Can you give me a solution of these two ?

Sure!
Let me try ->
Question 1)
Here, just for the ease of calculation -> let us assume that $$25 = a$$ and $$10√6= b$$ such that $$T = √a+b + √a-b$$

$$T = √a+b + √a-b$$
$$T^2 = a+b + a - b + 2√a+b * √a-b = 2a + 2√a^2-b^2$$

Now, put back the values of a and b
$$T^2 = 50 + 2√625-600$$
$$T^2 = 50 + 2*√25$$
$$T^2 = 50 + 10 = 60$$
$$T = √60$$
$$T = 2√15$$

SMASH that C!

Question 2) Now, This one is tricky. But notice that this is an infinite loop.
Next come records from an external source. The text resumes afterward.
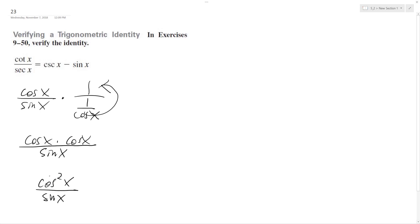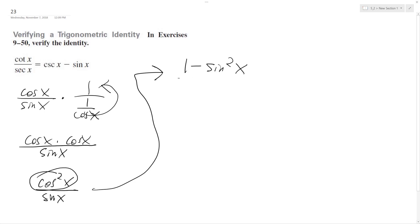And I can rewrite this as 1 minus sine squared x over sine x.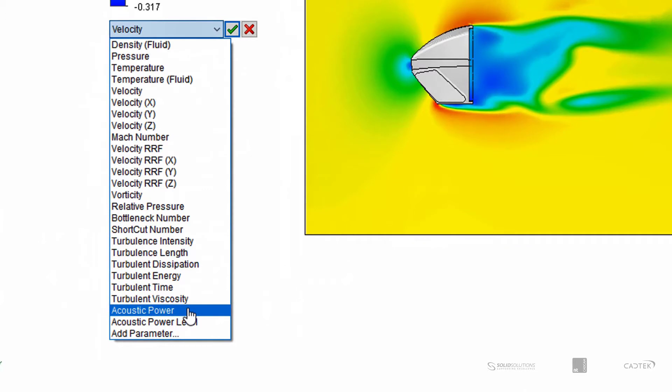which is the actual acoustic parameters themselves. They've just been added in the new releases to the list of available parameters. We've got acoustic power and also the acoustic power level in decibels. So we'll switch to that one.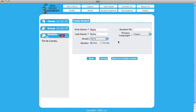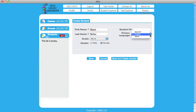Next, choose from the gender selections. Finally, selecting a primary language for a student will set this student's default language for parent letters and reminders.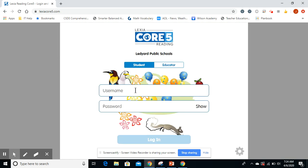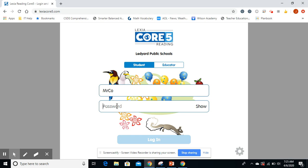This is where you select that you are a student. Please make sure it shows 'student' right there. I'll show you what my login looks like — my login and my password are going to be the exact same thing.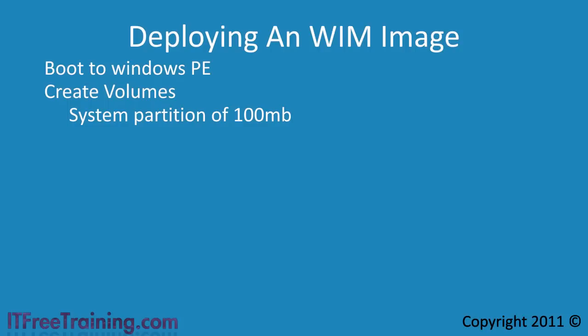Microsoft has released a partition tool to create this partition later on if it was not created during the install of Windows. Having said that, changing partitions after the OS has been installed is a dangerous process. I would recommend that you always create the system partition even if at the present you are not planning to install BitLocker.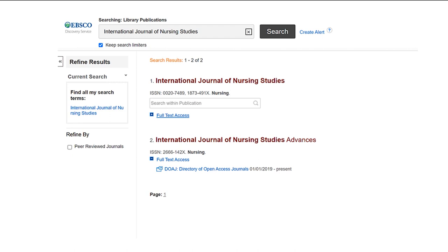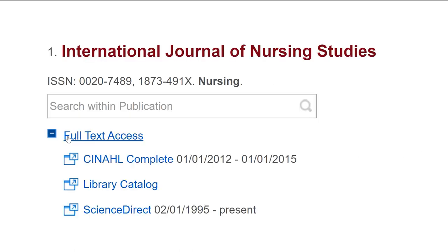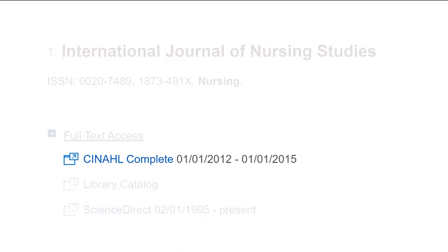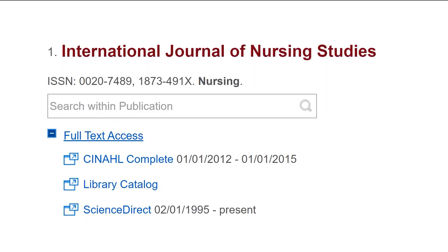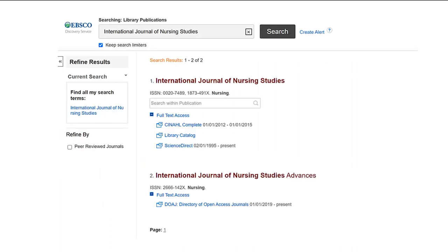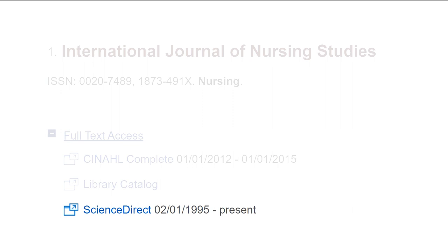To get more information about the journal title, just pull down the full text access and you can see that we have this in several different sources. One database called CINAHL Complete we have from 2012 to 2015, which would work if the title we need is somewhere in that date range. We also have it in the library catalog, meaning we have or had this journal in print. If you're not based on the Pocatello campus, where most of our print journals are, you can request this as well. But it looks like the best bet is to use the last link, which is ScienceDirect — it goes all the way back in full text from the beginning date to present.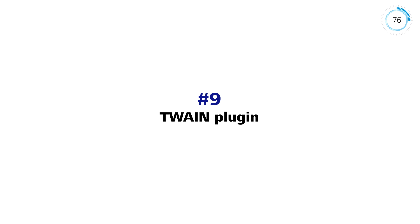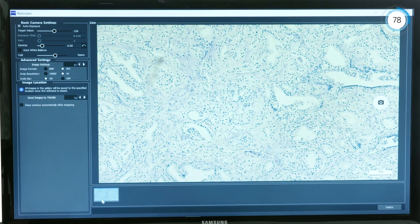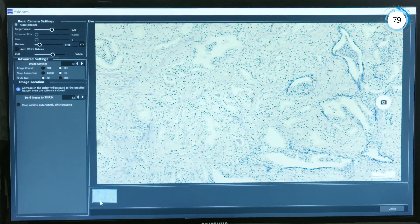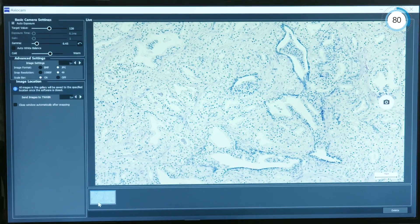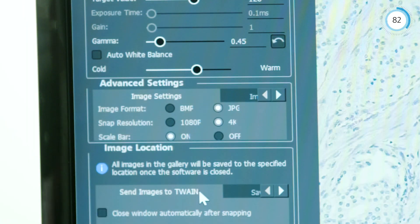With the Twain plug-in, you can acquire microscope images including the correct scale bar with Twain-compatible apps and laboratory information systems.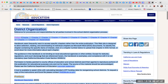Chapter 11, Chapter 12, Appendixes. Handbook users frequently want to access specific chapters rather than the entire publication. This website is designed to allow selection, reading, and downloading of individual chapters as Microsoft Word documents.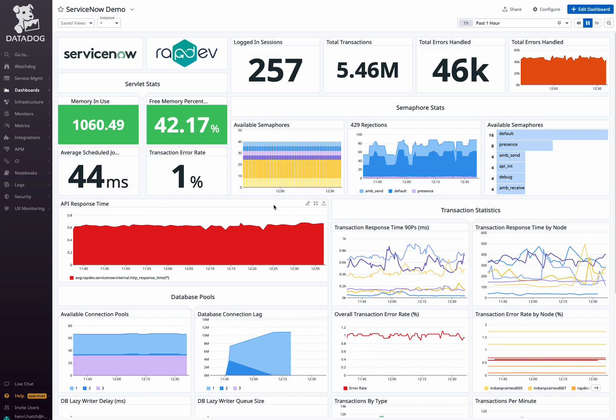RapDev's ServiceNow Performance Monitoring integration equips you and your firm with close-up insights into your ServiceNow environment, enabling effective monitoring and optimization.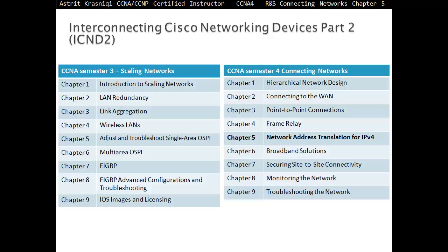Hello and thank you for watching my video. My name is Astrid Krasnici. I'm CCNA and CCNP Certified Instructor. On this video we are covering CCNA, Routing and Switching, Connecting Networks.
So there must be a major trick to solve this.
We can actually replace the value in the root symbol after the first 6 with x.
$$x = √(6+x)$$
$$x^2 = 6+x$$
$$x^2-x-6 = 0$$
$$x^2-3x+2x-6=0$$
$$x(x-3)+2(x-3)=0$$
$$(x-3)(x+2)=0$$
$$x=3$$ or $$x=-2$$

But x cannot be negative since its a root value and a root is always passive. So x≠-2

Hence x = 3
SMASH that B!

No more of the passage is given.